Neben der eigentlichen Stromerzeugungszentrale befindet sich ein hydroelektrisches Werk unterhalb zweier Gewölbe. Ein Gebäude dient als Maschinenraum und im anderen sind Transformatoren und elektrische Ausstattungsteile gelagert. Die jährliche Stromerzeugung in der Bütgenbacher Zentrale beläuft sich auf 2 Millionen kWSt. und erfolgt völlig automatisch. Eine ständige Überwachung geschieht lediglich durch den Angestellten von Electrabel, der im Wächterhaus, das sich auf den Burgruinen befindet, wohnt.
Der in Berg erzeugte Strom gelangt über eine 15000-Volt-Linie in die Stromzentrale nach Beverce. Ein Teil des Stroms wird jedoch direkt ins Verteilernetz der Kantone Malmedy und Sankt Vith sowie der Umgebung Francorchamps bis hin nach Bastogne eingespeist.
Die Talsperre von Bütgenbach wurde übrigens nach einer besonderen Technik errichtet. Elf Gewölbe halten die Mauer des Wasserreservoirs, um deren Standfestigkeit zu garantieren.
Kurz nach Fertigstellung der Staumauer und des Stausees fanden bis auf einige Fischer kaum Touristen den Weg nach Bütgenbach. Das sollte auch noch bis zur Einführung des bezahlten Urlaubs, kurz vor dem Zweiten Weltkrieg, andauern.

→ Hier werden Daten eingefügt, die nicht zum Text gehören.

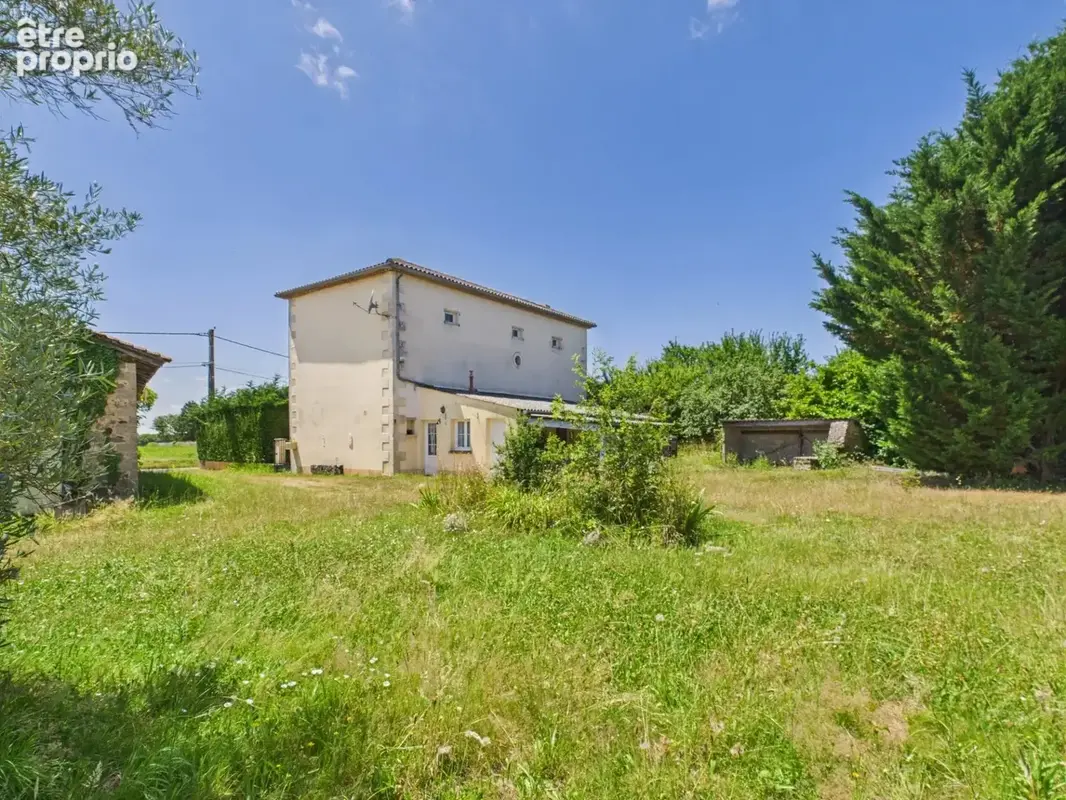 Propriété familiale avec potentiel - photo 15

Die Fischer kehrten nach dem Krieg wieder zurück; sie brachten ihre Zelte mit und campten in freier Natur. Doch auch jetzt reagierten die örtlichen Behörden nicht. Der Touristenstrom wurde immer größer. Manche blieben sogar einen ganzen Monat lang vor Ort. Deshalb entschied der Verkehrs verein 1955, alleine schon aus hygienischen Gründen, eine mit Duschen, Umkleidekabinen und Toiletten ausgerüstete Hütte zu bauen.

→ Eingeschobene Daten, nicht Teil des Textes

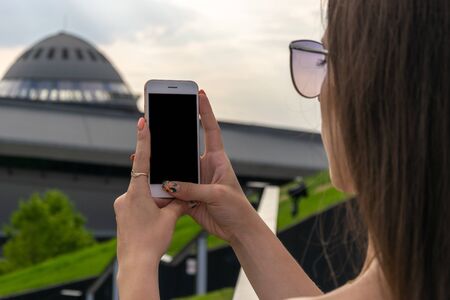 Girl makes a photo on the phone at sunset.の写真素材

1958 organisierte der Belgische Touring Club dann anläßlich der Weltausstellung in Brüssel eine Camping-Rallye. Tausende Camper zogen nach Bütgenbach, wo die bestehenden Camping-Plätze nicht ausreichten, um den Touristenstrom bewältigen zu können. So vermieteten viele Landwirte Wiesen, um allen Gästen die Möglichkeit zu bieten, ihr Zelt aufzubauen. Die Bedingungen waren alles andere als ideal. Doch eins hatte die Camping-Rallye mit Sicherheit erreicht: Bütgenbach war plötzlich in aller Munde !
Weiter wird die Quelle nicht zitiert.